Emit a verbatim copy of the lines running from the line with "Gentle Pig Portrait" through the end of the material below.

*** Record set ***

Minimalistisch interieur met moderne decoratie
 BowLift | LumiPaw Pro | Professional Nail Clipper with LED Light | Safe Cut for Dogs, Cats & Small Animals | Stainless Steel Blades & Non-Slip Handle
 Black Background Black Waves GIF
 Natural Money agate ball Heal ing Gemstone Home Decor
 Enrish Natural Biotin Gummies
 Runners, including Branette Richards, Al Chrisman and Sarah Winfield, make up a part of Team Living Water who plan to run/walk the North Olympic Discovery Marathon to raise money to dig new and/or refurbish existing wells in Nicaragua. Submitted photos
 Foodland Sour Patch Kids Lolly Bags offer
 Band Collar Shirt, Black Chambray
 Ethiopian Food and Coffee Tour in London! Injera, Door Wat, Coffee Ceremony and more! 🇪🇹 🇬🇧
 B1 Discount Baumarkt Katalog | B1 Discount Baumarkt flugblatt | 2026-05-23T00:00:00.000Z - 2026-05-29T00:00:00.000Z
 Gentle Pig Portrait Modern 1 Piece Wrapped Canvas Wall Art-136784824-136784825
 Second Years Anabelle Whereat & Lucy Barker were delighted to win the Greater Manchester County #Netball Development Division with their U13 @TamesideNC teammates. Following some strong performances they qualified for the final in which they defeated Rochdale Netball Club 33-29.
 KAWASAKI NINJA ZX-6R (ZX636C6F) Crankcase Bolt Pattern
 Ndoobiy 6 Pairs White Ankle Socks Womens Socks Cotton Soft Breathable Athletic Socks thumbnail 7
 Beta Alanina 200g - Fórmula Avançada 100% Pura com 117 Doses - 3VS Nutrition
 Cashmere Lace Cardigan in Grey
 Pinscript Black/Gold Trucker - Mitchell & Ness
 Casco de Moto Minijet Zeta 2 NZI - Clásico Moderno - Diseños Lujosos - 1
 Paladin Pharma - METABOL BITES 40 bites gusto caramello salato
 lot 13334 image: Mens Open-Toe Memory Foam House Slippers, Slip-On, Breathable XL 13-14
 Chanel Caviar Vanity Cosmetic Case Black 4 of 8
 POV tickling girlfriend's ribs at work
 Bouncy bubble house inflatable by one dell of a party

*** End of Record set ***

▸ **Answer space**:
 Gentle Pig Portrait Modern 1 Piece Wrapped Canvas Wall Art-136784824-136784825
 Second Years Anabelle Whereat & Lucy Barker were delighted to win the Greater Manchester County #Netball Development Division with their U13 @TamesideNC teammates. Following some strong performances they qualified for the final in which they defeated Rochdale Netball Club 33-29.
 KAWASAKI NINJA ZX-6R (ZX636C6F) Crankcase Bolt Pattern
 Ndoobiy 6 Pairs White Ankle Socks Womens Socks Cotton Soft Breathable Athletic Socks thumbnail 7
 Beta Alanina 200g - Fórmula Avançada 100% Pura com 117 Doses - 3VS Nutrition
 Cashmere Lace Cardigan in Grey
 Pinscript Black/Gold Trucker - Mitchell & Ness
 Casco de Moto Minijet Zeta 2 NZI - Clásico Moderno - Diseños Lujosos - 1
 Paladin Pharma - METABOL BITES 40 bites gusto caramello salato
 lot 13334 image: Mens Open-Toe Memory Foam House Slippers, Slip-On, Breathable XL 13-14
 Chanel Caviar Vanity Cosmetic Case Black 4 of 8
 POV tickling girlfriend's ribs at work
 Bouncy bubble house inflatable by one dell of a party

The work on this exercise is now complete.